Für die hier zur Beurteilung stehenden Vordienstzeiten in Ungarn, ist dem festgestellten Sachverhalt mit hinreichender Deutlichkeit zu entnehmen, dass die Klägerin - im gesamten relevanten Zeitraum - in einer vom Staat bzw einer Gemeinde betriebenen Einrichtung tätig war, wobei dieser Tätigkeit auch ein Dienstverhältnis zum Staat bzw einer Gemeinde zugrunde gelegen ist. Für die Existenz eines anderen als Dienstgeber in Betracht kommenden Rechtsträgers fehlt für diesen Zeitraum jeglicher Hinweis. Dass es sich von selbst versteht, dass der Staat als solcher - und nichts anderes kann für eine Gemeinde gelten - dem österreichischen Verständnis der Gebietskörperschaft entspricht, hat der erkennende Senat bereits in der zitierten Entscheidung 9 ObA 19/09y ausgesprochen. Die Vorinstanzen haben daher - dem der Höhe nach unstrittigen - Klagebegehren zu Recht stattgegeben.
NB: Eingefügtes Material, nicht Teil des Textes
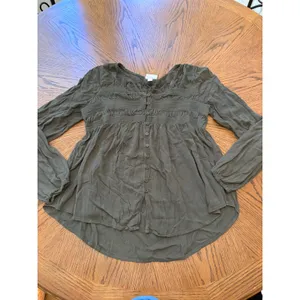 Knox Rose Women Olive Green Smocked Button Front Long Sleeve Blouse Medium thumbnail 2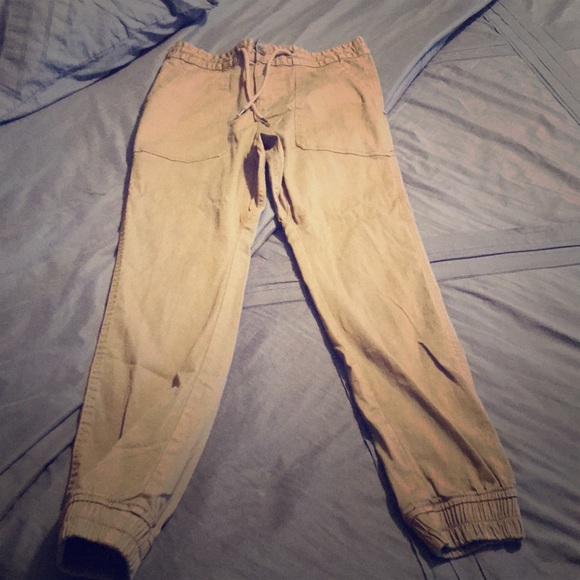 Men’s Company EightyOne khaki pants - Picture 2 of 4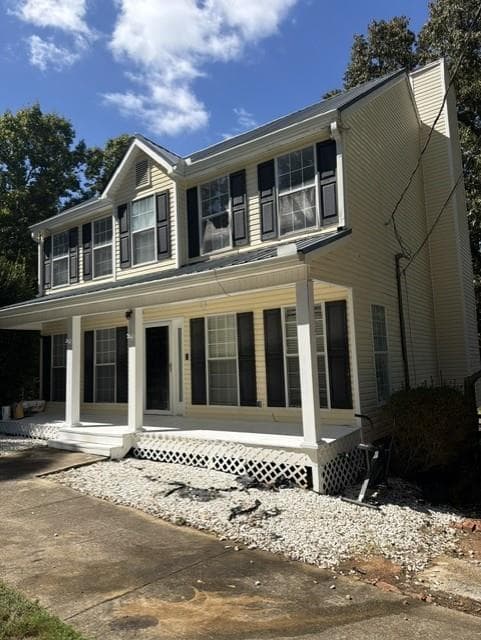 3 bedroom, 3 bathroom, 1,686 sq ft single family residence for sale at 131 Lakeview Road, Jackson, GA 30233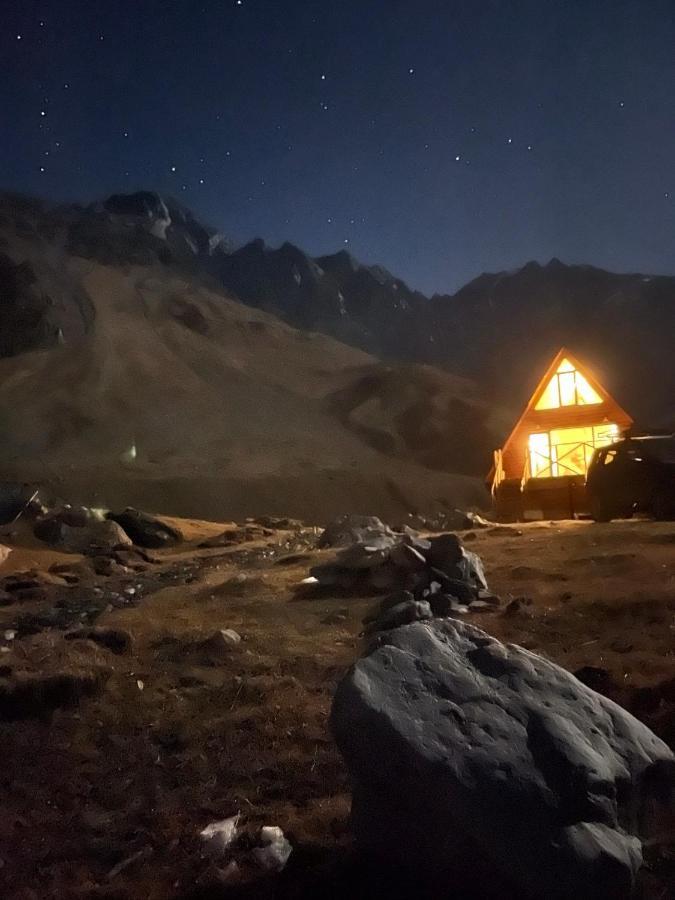 Alone Cottage Kazbegi Exterior photo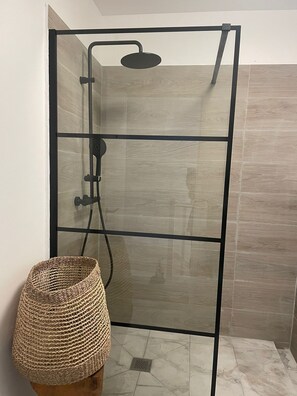 Dusche, Haartrockner, Handtücher
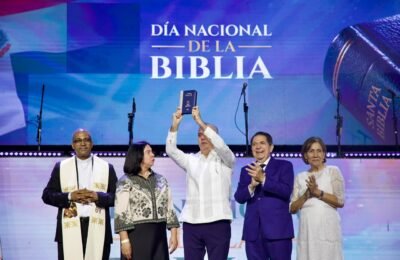 Comunidad Cristiana Nacional reconoce a Abinader por su respaldo a la fe y a la Biblia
Hingegen erweist sich die Revision soweit sie den Zuspruch eines 4 % übersteigenden Zinsenbegehrens durch das Berufungsgericht bekämpft als berechtigt. Bereits die differenzierte rechtliche Beurteilung hinsichtlich verschiedener Vordienstzeiten durch den Obersten Gerichtshof in der zitierten Entscheidung 9 ObA 19/09y zeigt, dass die Rechtsansicht, mit der die Beklagte die Anrechnung der gesamten im ehemaligen „Ostblock" zurückgelegten Vordienstzeiten ablehnte, jedenfalls nicht als unvertretbar zu beurteilen ist.
Insgesamt war daher das Ersturteil wiederherzustellen.
Die Kostenentscheidung gründet sich auf §§ 50, 43 Abs 2 ZPO da die Klägerin nur mit dem 4 % übersteigenden Teil ihres Zinsenbegehrens unterlegen ist.